Power Lunch: Lucky’s

After the close of Camarelli’s at 1536 E. 15th St. earlier this year, Mathew and Brooke Kelley of Atlas Grill fame, were able to obtain the space. They gutted and rebuilt the space into Lucky’s, a rustic restaurant with a sleek, modern edge and food worth showing off to important business associates and clients.
The décor was obviously intended to reflect what comes out of the kitchen. The Winter 2007 menu features a wide selection of traditional foods with predominantly southwest or French influences that are comfortable and familiar, but with a one-of-a-kind, edgy twist.
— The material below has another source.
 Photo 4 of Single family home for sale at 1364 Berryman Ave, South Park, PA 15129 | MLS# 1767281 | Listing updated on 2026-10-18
When my husband, a co-worker and I popped into Lucky’s for lunch last month, my co-worker started with the Grilled Tomato, Chicken and Hominy Soup, $3 for a cup, $6 for a bowl, which featured ultra-fresh ingredients and warming, balanced flavors. Feeling encouraged by the restaurant name, I opted for the Black Eyed Pea Cakes, $9, served with fresh corn relish and chipotle aioli. This starter is a great spin on crab cakes or even the black bean cakes that followed Matthew from his previous homes at Grill 51 and Atlas Grill.
Starters soon disposed, my husband, an Arkansas native, jumped at the chance to try the Chicken Fried Rabbit, $15, which at lunch is served with sage gravy, cheddar mashed potatoes and fresh green beans. Not surprisingly one of the most popular items on the menu at Lucky’s, this plate of some of the ultimate comfort foods satisfies the taste buds as well as the soul. The presentation was flawless, and the green beans and rabbit tenderloin were cooked perfectly.
My co-worker ordered the Fish Tacos, $9, made from pecan-crusted Mahi Mahi and topped with jicama slaw, chipotle mayonnaise and salsa verde, all piled into two flour tortillas and served with black beans. This entrée won the beauty queen award of the afternoon, bright with greens, oranges, purples and browns, and tasted wonderful, to boot. And, we’re still talking about that salsa verde.
The lunch menu at Lucky’s features a few items that could just as well be eaten for breakfast, including my choice for lunch, the Eggs Poblano, $8. Brioche was flash-fried and topped with flavorful marinated chicken breast, poached eggs and a perfectly tangy roasted poblano hollandaise. The dish, which could have stood another thought or two on presentation, was served with grilled pineapple.
While I opted for the flourless chocolate cake for dessert, my companions tried the sweet potato pie and coconut cake, all $7. The sweet potato pie, served Easy Bake Oven-sized and topped with a marshmallow merengue, was the best of the bunch.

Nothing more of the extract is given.